■ What the task requires: Starting with the line below that holds "MS Awareness Montag" and stopping after the line that holds "Sleek and Modern", transcribe the lines exactly, leaving out all pictures.

■ Recorded data:
------------------------------
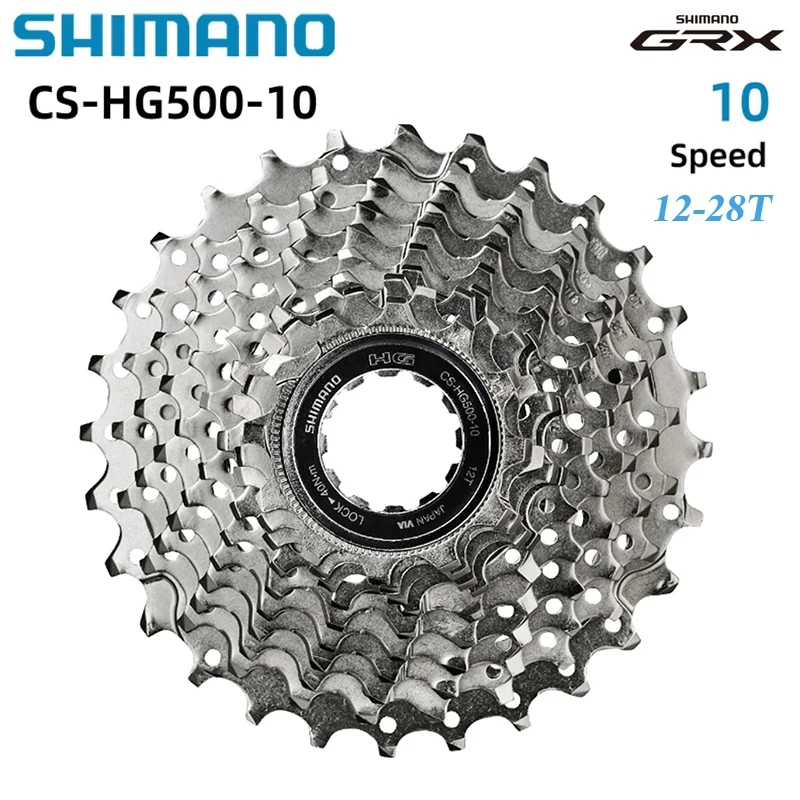 Shimano CS HG500 10 Speed Road Bicycle Cassette Sprocket For 10s 10v 12-28T 11-25/32T/34T 36T Freewheel Road Bike Accessories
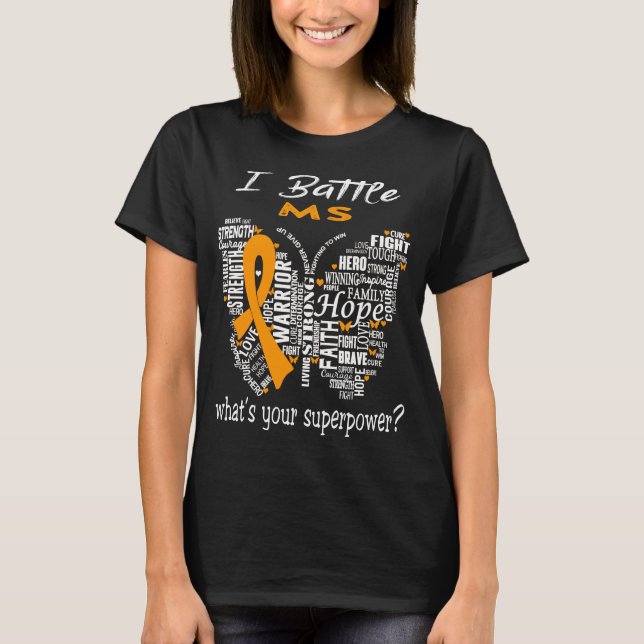 MS Awareness Montag Ribbon Geschenke T-Shirt (Vorderseite)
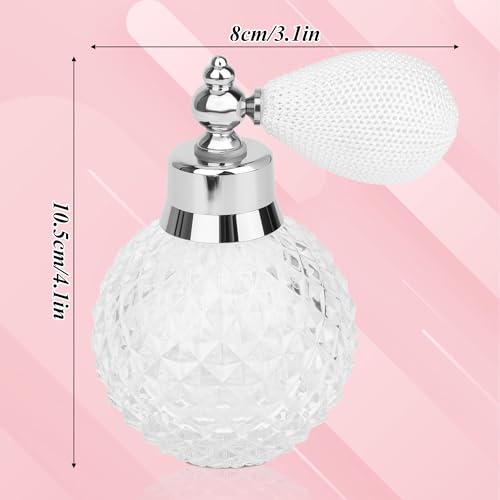 Coolrunner Crystal Art Vintage Style Refillable Perfume Atomizer Spray Bottle 100ml (Clear)2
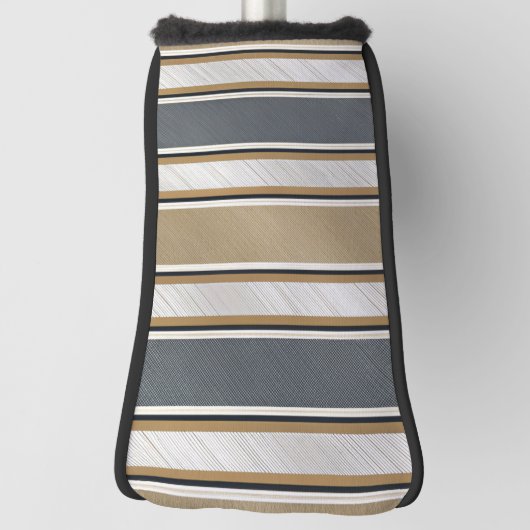 Sleek and Modern Stripe Pattern Golf Putter Cover (Draai 90)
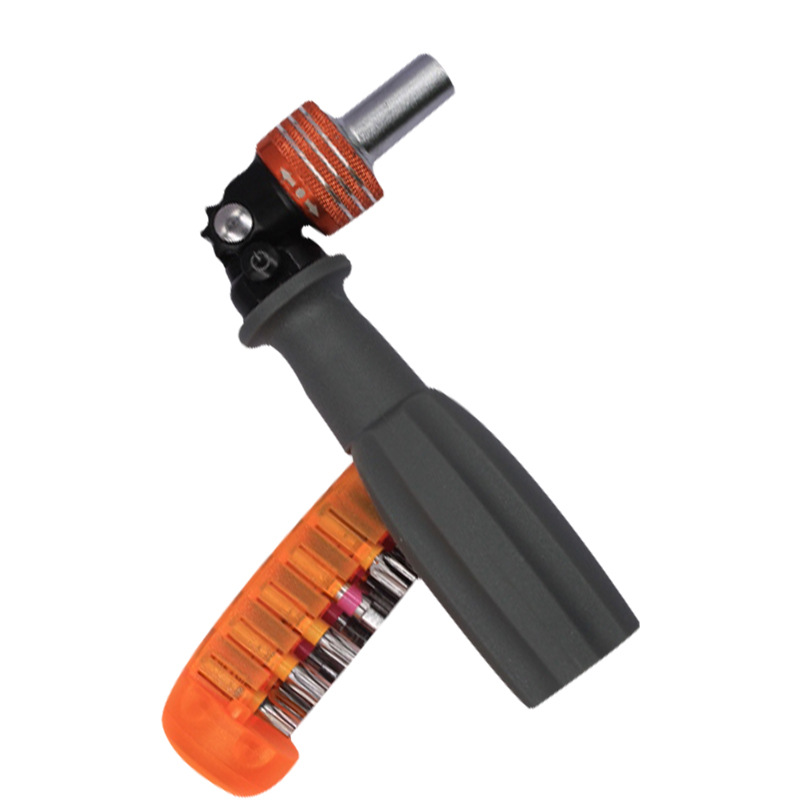 Ratchet screwdriver multi-angle universal multi-functional combination 10-in-1 set, cross and straight special-shaped screwdriver Item Picture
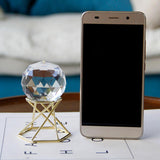 Maxbell Decorative Ball Holder with Metal Stand for Dining Room Tabletop StyleC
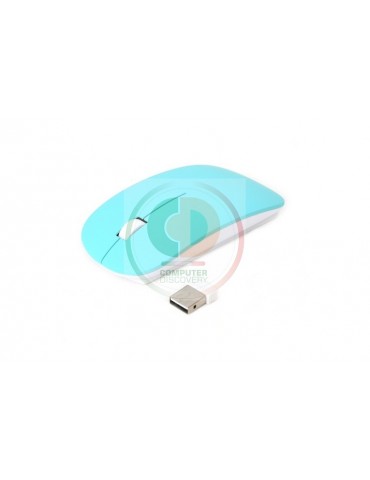 MOUSE OM-414 WIRELESS 2.4GHZ 1000DPI BLU
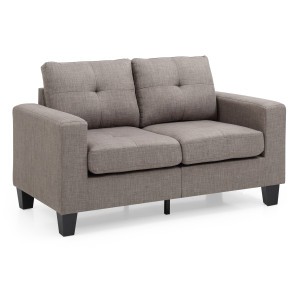 Newbury Gray Modular Loveseat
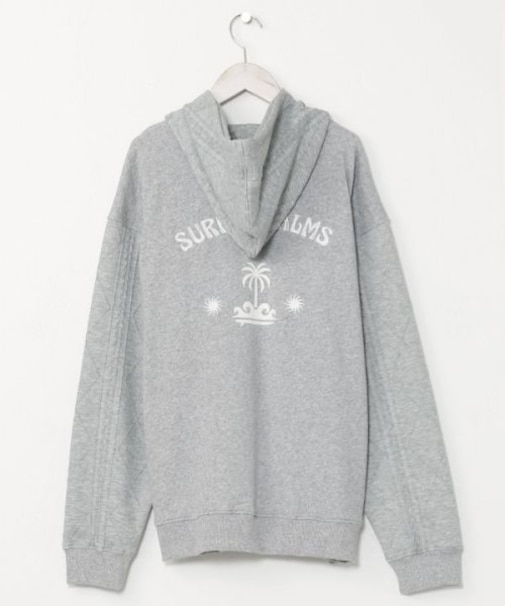 【カヒコ】ダミアンメンズジップアップパーカー【SURF&Palms】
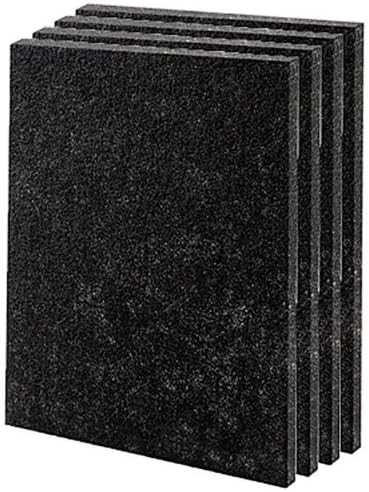 CFS – Pack of 4, Premium Additional Odor Control Carbon Pre-Filter for Air Cleaners – Fresh & Filtered Air for Indoor and Home – Carbon Air Filter Sheet – 12.4" x 16" – Black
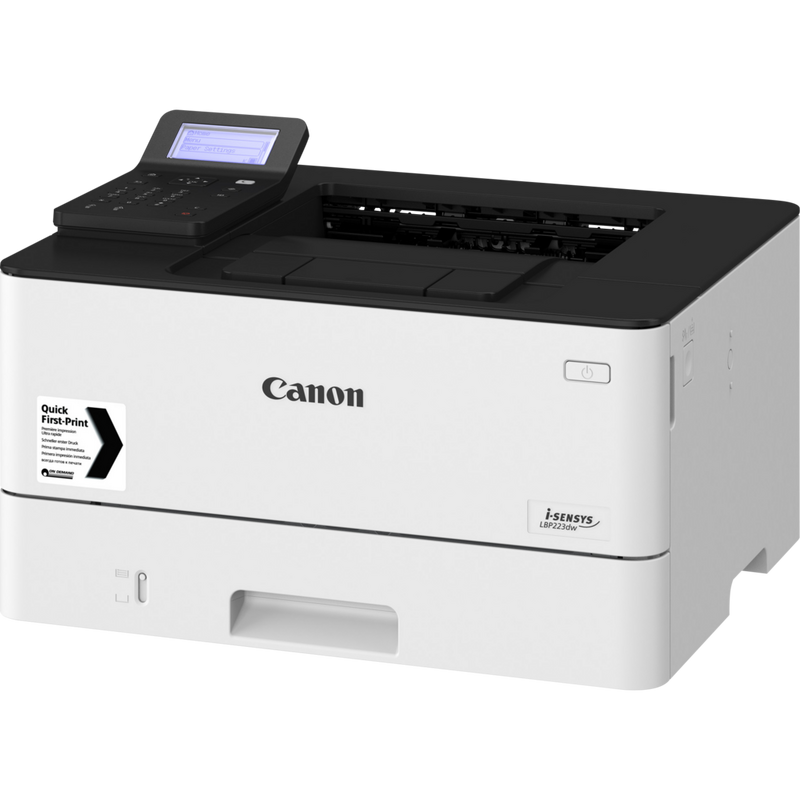 Canon i-SENSYS LBP223dw Schwarzweiß-Laserdrucker Produkt Ansicht von oben rechts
------------------------------
■ Solution for this task:
 MS Awareness Montag Ribbon Geschenke T-Shirt (Vorderseite)
 Coolrunner Crystal Art Vintage Style Refillable Perfume Atomizer Spray Bottle 100ml (Clear)2
 Sleek and Modern Stripe Pattern Golf Putter Cover (Draai 90)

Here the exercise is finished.